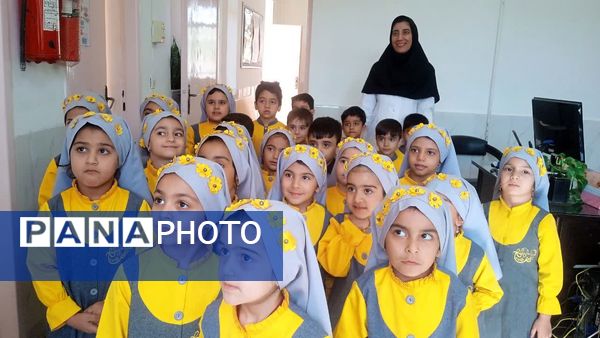 قدردانی از کارکنان خانههای بهداشت روستای فدافن در روز پرستار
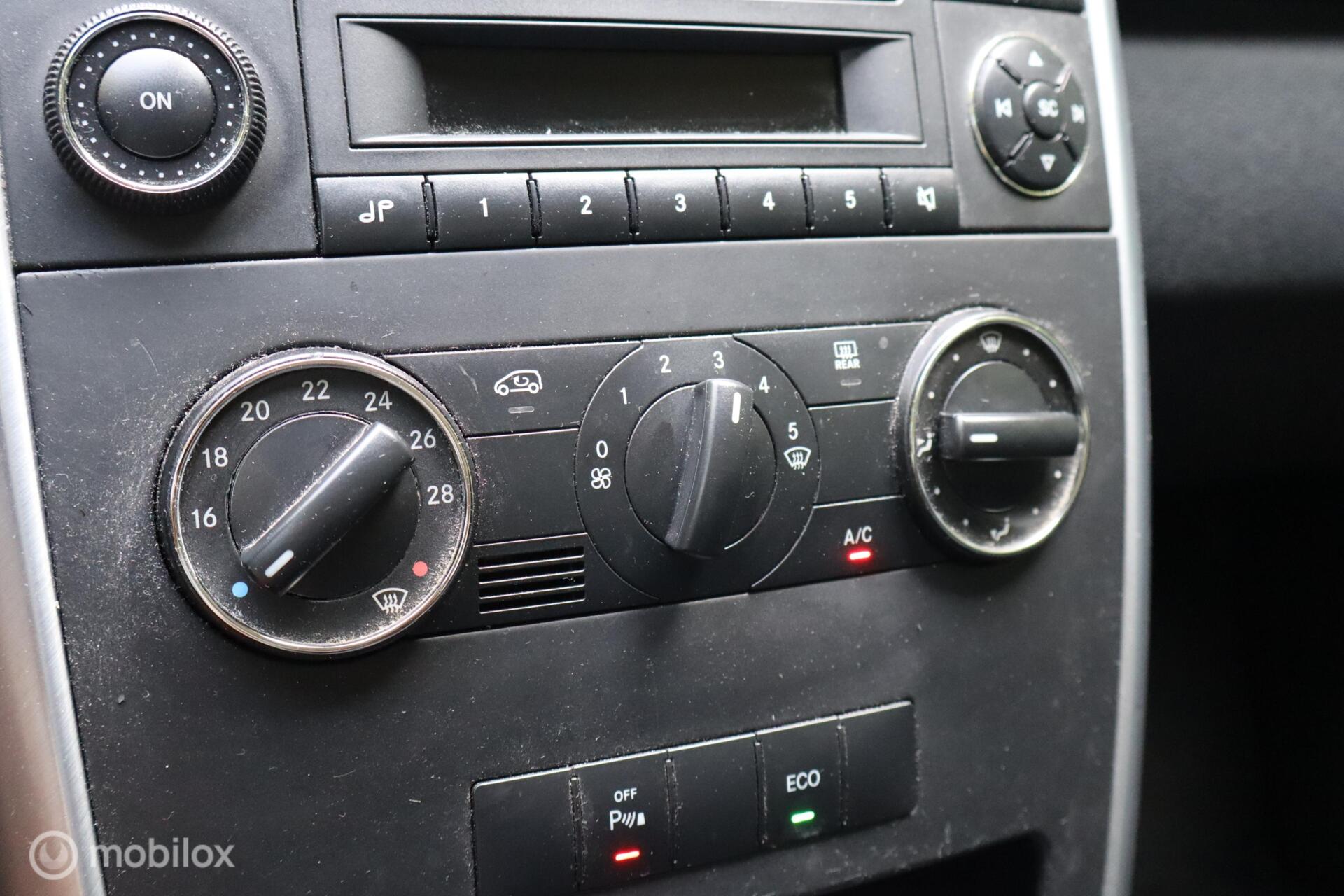 Foto van Mercedes-Benz B 180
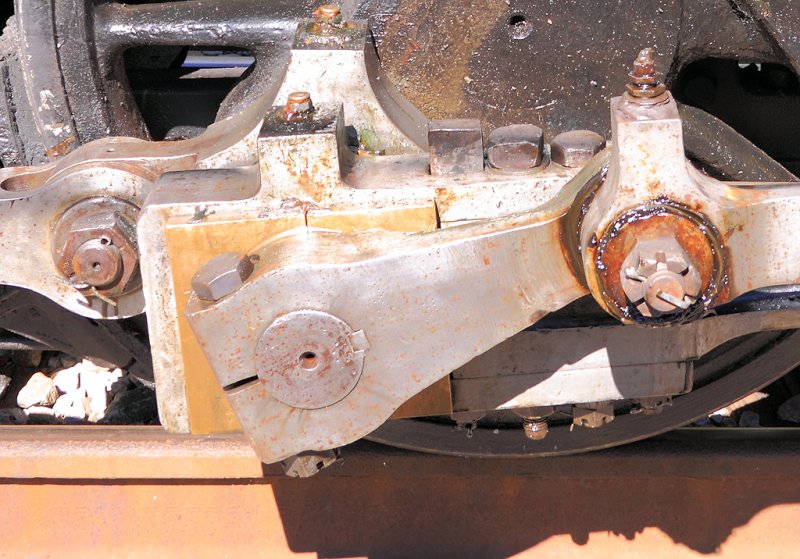 W&L 203 driver detail 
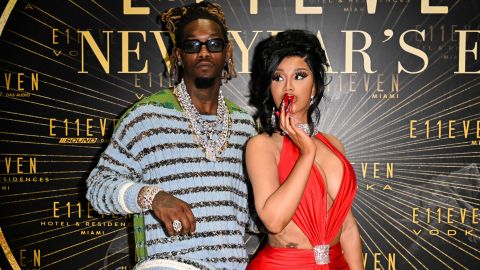 Cardi B y su esposo Offset en una fiesta de Año Nuevo en Miami.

* [Action item]
An exact copy is needed of the lines running from the one with "Foto van Mercedes-Benz B 180" through the end of the data above, and of those lines only, without pictures.

* [Written answer]
 Foto van Mercedes-Benz B 180
 W&L 203 driver detail 
 Cardi B y su esposo Offset en una fiesta de Año Nuevo en Miami.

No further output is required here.